DNF Reviews: My Secret to Tell, Romancing the Dark in the City of Light & These Shallow Graves

My Secret To Tell by Natalie D. Richards 

Release Date: October 6th 2015
Source: NetGalley 
Emmie's had a crush on her best friend's brother forever. Deacon is the town bad boy who's always in trouble, but she sees his soft side when he volunteers with her at the local animal shelter. She doesn't think he's dangerous…until he shows up in her bedroom with blood on his hands. Deacon's father has been violently assaulted and Deacon is suspect number one. Emmie's smart enough to know how this looks, but she also knows Deacon's biggest secret—he's paralyzed by the sight of blood. She's sure he didn't do this. Or did he? Because even Deacon's own sister thinks he's guilty…

I read a spoiler from this book early on and it just ruined the experience of it for me. I enjoyed the setting, but I had no connection with any of the characters. Of course, I was sympathetic to Deacon and what was happening to him, but that was it. Richards spent time building this story up, and in my opinion is just fell flat. 

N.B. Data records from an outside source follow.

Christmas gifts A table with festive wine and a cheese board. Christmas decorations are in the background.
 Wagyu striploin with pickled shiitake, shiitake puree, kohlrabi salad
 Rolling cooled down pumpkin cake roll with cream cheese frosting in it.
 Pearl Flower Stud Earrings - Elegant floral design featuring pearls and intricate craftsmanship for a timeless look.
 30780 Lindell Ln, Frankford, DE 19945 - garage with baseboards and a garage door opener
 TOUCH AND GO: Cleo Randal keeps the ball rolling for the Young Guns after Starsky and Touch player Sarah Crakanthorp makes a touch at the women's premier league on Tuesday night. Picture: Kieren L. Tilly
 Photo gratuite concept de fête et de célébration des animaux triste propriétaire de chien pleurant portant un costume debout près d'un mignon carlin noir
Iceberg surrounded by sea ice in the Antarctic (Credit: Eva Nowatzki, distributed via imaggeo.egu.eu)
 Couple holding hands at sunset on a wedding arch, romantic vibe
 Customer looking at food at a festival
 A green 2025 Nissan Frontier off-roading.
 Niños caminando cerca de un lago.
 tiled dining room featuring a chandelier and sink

*Thank you so Sourcebooks Fire for approving me for a review copy!* 

Romancing the Dark in the City of Light by Ann Jacobus

Release Date: October 6th 2015
Source: NetGalley 
A troubled teen, living in Paris, is torn between two boys, one of whom encourages her to embrace life, while the other—dark, dangerous, and attractive—urges her to embrace her fatal flaws. Haunting and beautifully written, with a sharp and distinctive voice that could belong only to this character, Romancing the Dark in the City of Light is an unforgettable young adult novel. Summer Barnes just moved to Paris to repeat her senior year of high school. After being kicked out of four boarding schools, she has to get on track or she risks losing her hefty inheritance. Summer is convinced that meeting the right guy will solve everything. She meets two. Moony, a classmate, is recovering against all odds from a serious car accident, and he encourages Summer to embrace life despite how hard it can be to make it through even one day. But when Summer meets Kurt, a hot, mysterious older man who she just can't shake, he leads her through the creepy underbelly of the city-and way out of her depth. When Summer's behavior manages to alienate everyone, even Moony, she's forced to decide if a life so difficult is worth living. With an ending that'll surprise even the most seasoned reader, Romancing the Dark in the City of Light is an unputdownable and utterly compelling novel.
My first red flag should have been that it is a love story set in France. It's a cliche. I didn't get far into Romancing the Dark in the City of Light. The book is written in third person, making it hard to relate to Summer to begin with. At some things Summer would say I just couldn't help but roll my eyes. 

Bottom line: I see so much of myself in Summer (Not her actions, but other things) that it scared the crap out of me. 

*Thank you St. Martin's Press for approving me!* 

These Shallow Graves by Jennifer Donnelly

Release Date: October 27th 2015
Source: NetGalley
These Shallow Gravesis the story of how much a young woman is willing to risk and lose in order to find the truth. Jo Montfort is beautiful and rich, and soon—like all the girls in her class—she'll graduate from finishing school and be married off to a wealthy bachelor. Which is the last thing she wants. Jo dreams of becoming a writer—a newspaper reporter like the trailblazing Nellie Bly. Wild aspirations aside, Jo's life seems perfect until tragedy strikes: her father is found dead. Charles Montfort shot himself while cleaning his pistol. One of New York City's wealthiest men, he owned a newspaper and was a partner in a massive shipping firm, and Jo knows he was far too smart to clean a loaded gun. The more Jo hears about her father's death, the more something feels wrong. Suicide is the only logical explanation, and of course people have started talking, but Jo's father would never have resorted to that. And then she meets Eddie—a young, smart, infuriatingly handsome reporter at her father's newspaper—and it becomes all too clear how much she stands to lose if she keeps searching for the truth. But now it might be too late to stop. The past never stays buried forever. Life is dirtier than Jo Montfort could ever have imagined, and this time the truth is the dirtiest part of all.
I've never had luck with Jennifer Donnelly books, so this wasn't a HUGE surprise, but I am disappointed because the summary made it sound awesome! I get Jennifer was going on with the time period but the whole "Woman can't do this." or "It isn't proper." really pisses me off. Jo didn't seem very mature for her age, for what I read she acted like a child, and it only got worse when she didn't get her way. Also, I may not have finished this book but why the heck is it 500 pages? I barley made it to fifty. I think after this I won't be picking up a Donnelly book for a while. 

*Thanks for approving me Random House!*

I just want to note that I don't make a habit of DNFing ARC books. It was sucky that is happened to be all October books that I didn't finish.